Start of Block
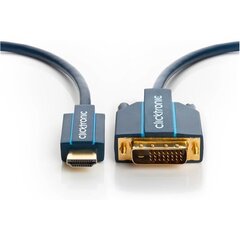 Clicktronic 70342, HDMI/DVI-D, 3 m цена и информация | Кабели и провода | kaup24.ee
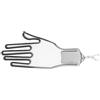 Minhe Efficiente per asciugare guanti da golf con design ergonomico, accessorio perfetto per la cura delle attrezzature da golf (nero)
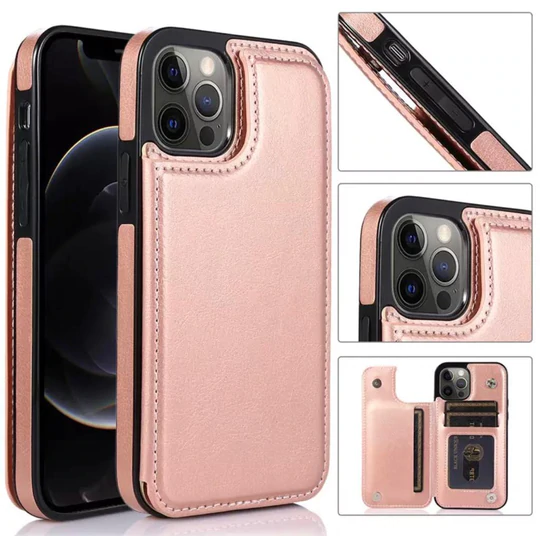 Flip Leather Case Multi Card Holder for iPhone 14, iPhone 14 Pro, iPhone 14 Plus, iPhone 14 Pro Max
End of Block
**ABOUT THIS TASK:**
Please repeat everything in the data above except the pictures, exactly as it reads.

**RESPONSE AREA:**
 Clicktronic 70342, HDMI/DVI-D, 3 m цена и информация | Кабели и провода | kaup24.ee
 Minhe Efficiente per asciugare guanti da golf con design ergonomico, accessorio perfetto per la cura delle attrezzature da golf (nero)
 Flip Leather Case Multi Card Holder for iPhone 14, iPhone 14 Pro, iPhone 14 Plus, iPhone 14 Pro Max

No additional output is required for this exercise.